FAQ on the new cluster Taurus2

The subscribers to the cluster's list are invited to put their tips and tricks on using the cluster, on this page.

There you will find a very old french version cluster_fr_old.

New high-performance storage policy on cluster :

A computing cluster should allow users to use a large storage space during computation, consequently the use of storage should be temporary. Once the calculations have been made, it is the responsibility of the user to:

  • compress your important data
  • move the stored data to another storage space (local or janus for instance)
  • delete the unused data
  • Do not use space or strange character in your name of file, repertory.

The system administrator reserves the right to compress or delete your files at any time.

There is no backup on the cluster, you may lose all your data at any time!

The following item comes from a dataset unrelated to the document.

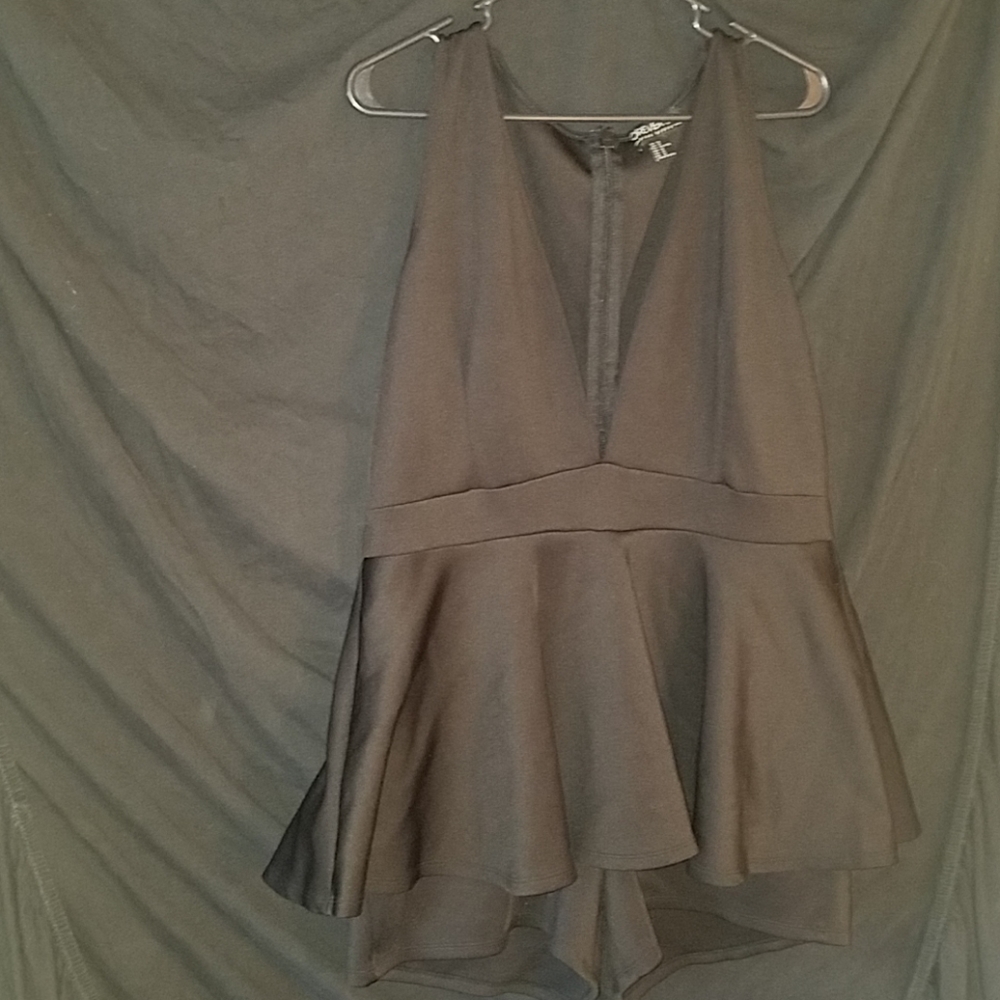 💜❤️5 for $40❤️💜 Forever 21+ Romper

In addition, in order to avoid usages that may affect other users, there will be a quota system on your home (50 GB). Users requiring more space have to ask a special account. In a special account, any data present since more 40 days will be automatically deleted without any possibility of recovery.

A - Presentation of the cluster

1. Technical overview

Number of CPU cores 340
Estimate peak power 1,8 ??? TFlops
CPUs Type 50 x Intel(©) Xeon(©) E5440 - 2.83GHz quad-core (4)
10 x AMD(©) Opteron(©) 6134 - 2.3 GHz sexa-core (6)
10 x AMD Opteron™ 4184 - 2.8 GHz octo-core (8)
18 x Intel(©) Xeon(©) E5-2670 - 2.5GHz 2*10 core (20)
GPU 4 x Nvidia Tesla K20m
Master node Bull Novascale R460
Node calculations 12 x Bull Novascale R422
5 x Transtec Calleo 351
5 x Dell PowerEdge R415
10 x TODO
Memory configuration 32Go of RAM by node, special ram node have 220 Go
Total memory 20*32 + 220 = 880 Go
Disks capacity 6 To
Interconnection 2 x Gigabit Ethernet
Operating system GNU/Linux
Distribution Rocks 6.1.1 - CentOS 6.5
Main software Compilers and libraries GNU, OpenMPI, Nvidia sdk toolkit

2. Who can access the cluster ?

All LERIA members can access the cluster.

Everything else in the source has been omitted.